Tuning In to Sensio Technologies

Oct.16.09 | About: SENSIO Technologies (SNIOF)

Eric Sprott of Toronto’s Sprott Asset Management explained why he thinks the market is underestimating growth in Sensio Technologies (OTC:SNIOF) [SIO:CN]. Key excerpts follow:

Turning to a non-commodity idea, why do you consider Sensio Technologies [SIO:CN] a potential homerun?

ES: Sensio is a small Montreal-based company with patented technology that facilitates the transmission and broadcast of 3-D content using 2-D devices and infrastructure. It provides encoding technology for minimal or no cost to movie, television and videogame producers creating 3-D products, and then charges a per-unit royalty for the decoding technology used in televisions, game consoles, DVD and Blu-ray players, set-top boxes, personal computers or any other playback device.

We expect 3-D to proliferate at a tremendous pace in all media platforms over the next few years and Sensio has what is considered the market-leading technology to help make that happen. We’ve seen research that estimates the total potential royalty-generating unit shipments of applicable PCs, TVs, game consoles and other devices could reach nearly 1.2 billion units per year within the next three or four years. At even tiny penetration levels, that would translate into huge revenue and profit growth for Sensio. Profit margins in royalty-type businesses like this tend to be in the 70-80% range or greater.

With revenues today nearly non-existent, this seems almost like a venture capital investment.

ES: I told you we look for the biggest bang for the buck. For its fiscal year ending in May 2012, assuming 3-D-enabled devices continue to increase rapidly for theater and home markets and Sensio slowly starts to build market share, revenues could come in at C$13-$14 million, with EPS in the 14-15 cent range. As new content and hardware feed off each other, growth could accelerate from there, sending revenues over C$40 million in fiscal 2013 and EPS to around 50 cents per share.

If all that happens, that’s not bad against a share price of around C$1.70 today.

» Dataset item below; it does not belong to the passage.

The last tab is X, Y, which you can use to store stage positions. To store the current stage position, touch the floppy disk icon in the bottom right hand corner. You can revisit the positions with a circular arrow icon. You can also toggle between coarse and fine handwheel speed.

ES: A lot obviously has to go right for the company to hit those numbers, but the upside if they come even close is massive. A company growing like that in a field with open-ended growth certainly isn’t going to sell for 3.4x earnings.

For comparison, Dolby Laboratories and DTS – companies in the industry with similar royalty revenue models but much lower growth – today trade for something like 20x 2011 EPS estimates. Put that multiple on 50 cents per share in earnings and, even if it takes longer than we expect, Sensio would be a homerun.

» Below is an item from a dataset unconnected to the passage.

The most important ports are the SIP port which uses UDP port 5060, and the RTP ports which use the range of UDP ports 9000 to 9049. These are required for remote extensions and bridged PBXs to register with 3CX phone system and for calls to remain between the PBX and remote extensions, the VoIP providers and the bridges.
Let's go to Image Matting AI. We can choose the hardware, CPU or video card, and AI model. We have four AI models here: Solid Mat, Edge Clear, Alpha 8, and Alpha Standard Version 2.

How are you looking at downside risk?

ES: There’s not as much downside protection in this idea versus a gold stock trading at 5x earnings. Here we have to look out a number of years until the multiple gets cheap. The compensation for less downside protection, of course, is that the upside is potentially explosive.

We also see the real potential that someone recognizes the value of Sensio’s technology and tries to buy the company. We have no precise estimate for a takeout price, but if the technology is what we hope it is, any deal would surely only happen at a significant premium to today’s market price. That could help put a nice floor on the share price.